The end of i686 support was announced in January 2017, with the February 2017 ISO being the last one including i686 and making the architecture unsupported in November 2017. Since then, the community derivative Arch Linux 32 can be used for i686 hardware.

On 24 February 2020, Aaron Griffin announced that due to his limited involvement with the project, he would, after a voting period, transfer control of the project to Levente Polyak. This change also led to a new 2-year term period being added to the Project Leader position.

In March 2021, Arch Linux developers were thinking of porting Arch Linux packages to x86_64-v3. x86-64-v3 roughly correlates to Intel Haswell era of processors.

In April 2021, Arch Linux installation images began including a guided installation script by default.

In late 2021, the Arch Linux developers released Pacman 6.0, which enabled parallel downloads.

In February 2022, the Arch Linux developers began offering debug packages.

Repository security 
Until Pacman version 4.0.0, Arch Linux's package manager lacked support for signed packages. Packages and metadata were not verified for authenticity by Pacman during the download-install process. Without package authentication checking, tampered-with or malicious repository mirrors could compromise the integrity of a system. Pacman 4 allowed verification of the package database and packages, but it was disabled by default. In November 2011, package signing became mandatory for new package builds, and as of the 21st of March 2012, every official package is signed.

In June 2012, package signing verification became official and is now enabled by default in the installation process.

Design and principles 
Arch is largely based on binary packages. Packages target x86-64 microprocessors to assist performance on modern hardware. A ports/ebuild-like system is also provided for automated source compilation, known as the Arch Build System.

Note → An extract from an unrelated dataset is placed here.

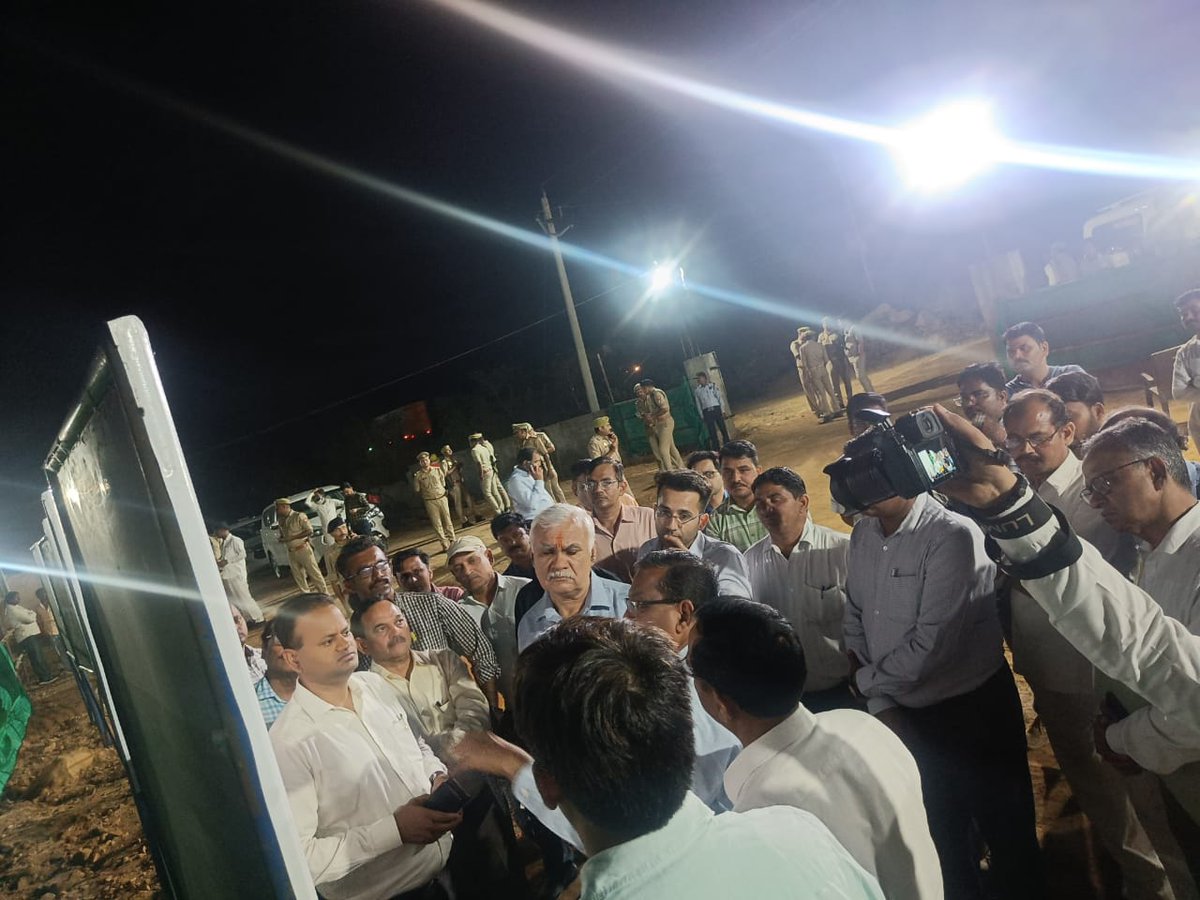 EECdJhansi's tweet photo. Visit of Jhansi reorganization water supply scheme at WTP site by chief secretary Sir in Jhansi (UP) https://t.co/hSaUlBj7pE
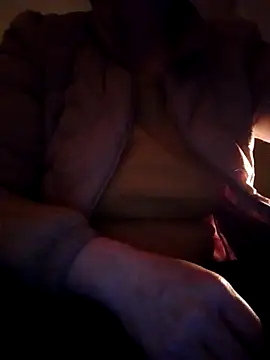 JasminePham online show from December 20, 2024, 11:47 pm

Arch Linux focuses on simplicity of design, meaning that the main focus involves creating an environment that is straightforward and relatively easy for the user to understand directly, rather than providing polished point-and-click style management tools — the package manager, for example, does not have an official graphical front-end. This is largely achieved by encouraging the use of succinctly commented, clean configuration files that are arranged for quick access and editing. This has earned it a reputation as a distribution for "advanced users" who are willing to use the command line.

Installation 

The Arch Linux website supplies ISO images that can be run from CD or USB. After a user partitions and formats their drive, a simple command line script (pacstrap) is used to install the base system. The installation of additional packages which are not part of the base system (for example, desktop environments), can be done with either pacstrap, or Pacman after booting (or chrooting) into the new installation.

An alternative to using CD or USB images for installation is to use the static version of the package manager Pacman, from within another Linux-based operating system. The user can mount their newly formatted drive partition, and use pacstrap (or Pacman with the appropriate command-line switch) to install base and additional packages with the mountpoint of the destination device as the root for its operations. This method is useful when installing Arch Linux onto USB flash drives, or onto a temporarily mounted device which belongs to another system.

Regardless of the selected installation type, further actions need to be taken before the new system is ready for use, most notably by installing a bootloader and configuring the new system with a system name, network connection, language settings, and graphical user interface.

Arch Linux does not schedule releases for specific dates but uses a "rolling release" system where new packages are provided throughout the day. Its package management allows users to easily keep systems updated.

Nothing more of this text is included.